> [Task item]: If a picture appears, leave it out, and reproduce exactly the lines from the start of the listing below through the one bearing "Justine Trainer Lille".

> [Materials provided]:
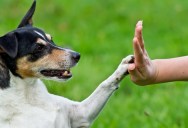 Research Shows That Dogs Can String Words Together To Communicate With Their Humans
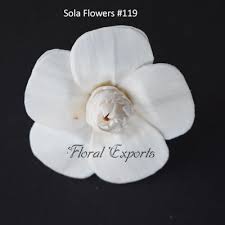 60% off retail price for sola wood flowers. Sola Wood Flowers I Sola Flowers I Manufacturer I Wholesaler I Exporters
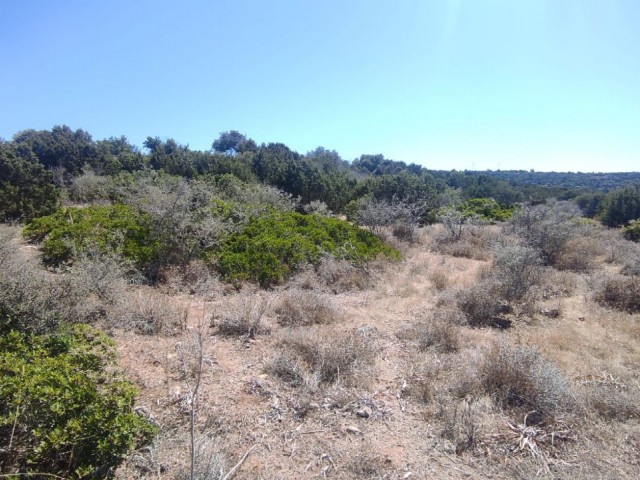 Iskele Yeni Erenköy sea view, 1 acre of land ** 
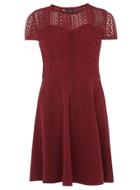 Dorothy Perkins Cranberry Lace Top Dress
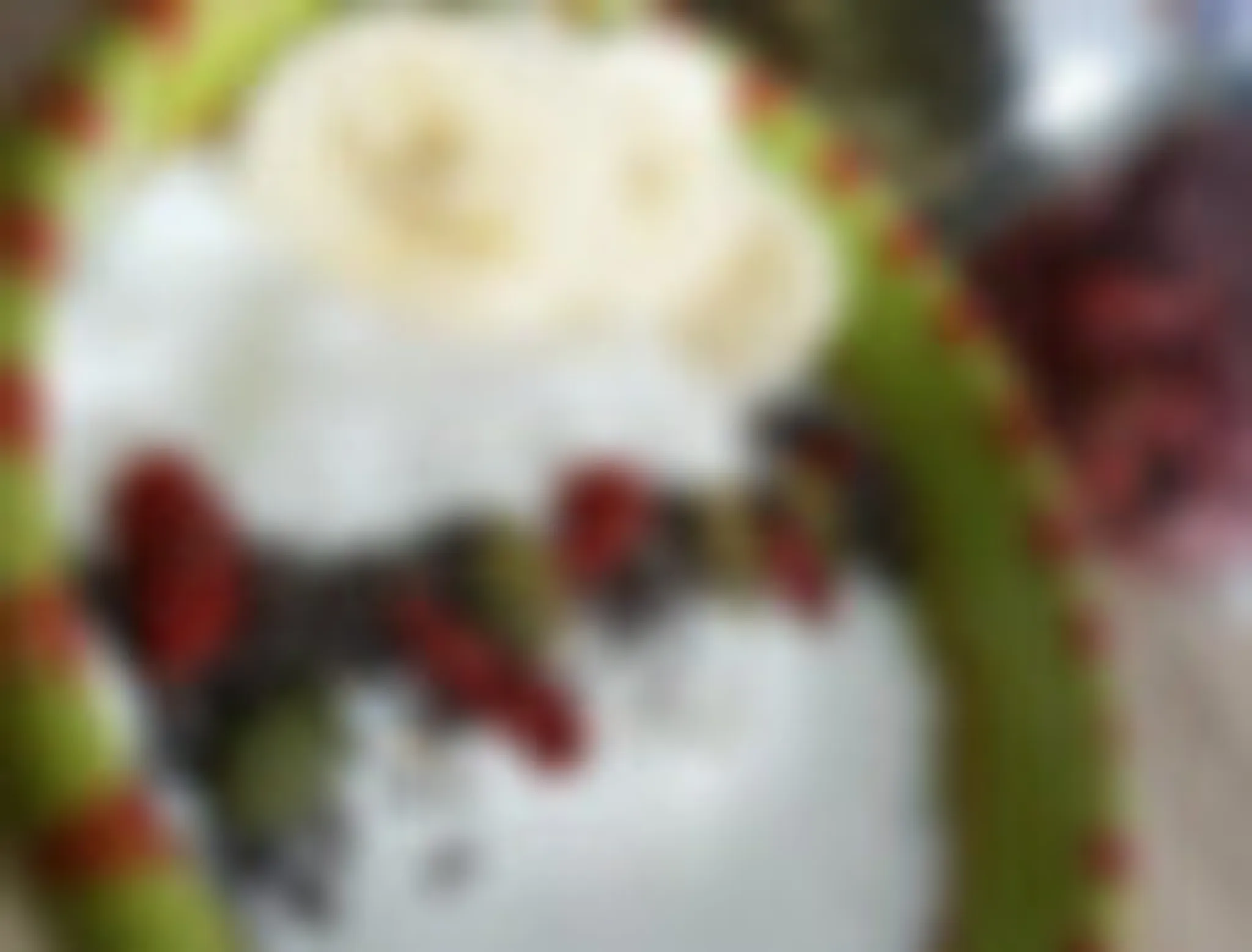 Justine Trainer Lille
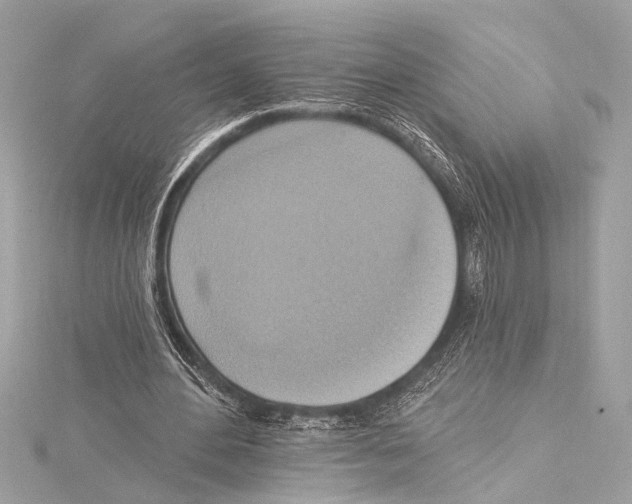 X0000115420484200912011329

> [Problem solution]:
 Research Shows That Dogs Can String Words Together To Communicate With Their Humans
 60% off retail price for sola wood flowers. Sola Wood Flowers I Sola Flowers I Manufacturer I Wholesaler I Exporters
 Iskele Yeni Erenköy sea view, 1 acre of land ** 
 Dorothy Perkins Cranberry Lace Top Dress
 Justine Trainer Lille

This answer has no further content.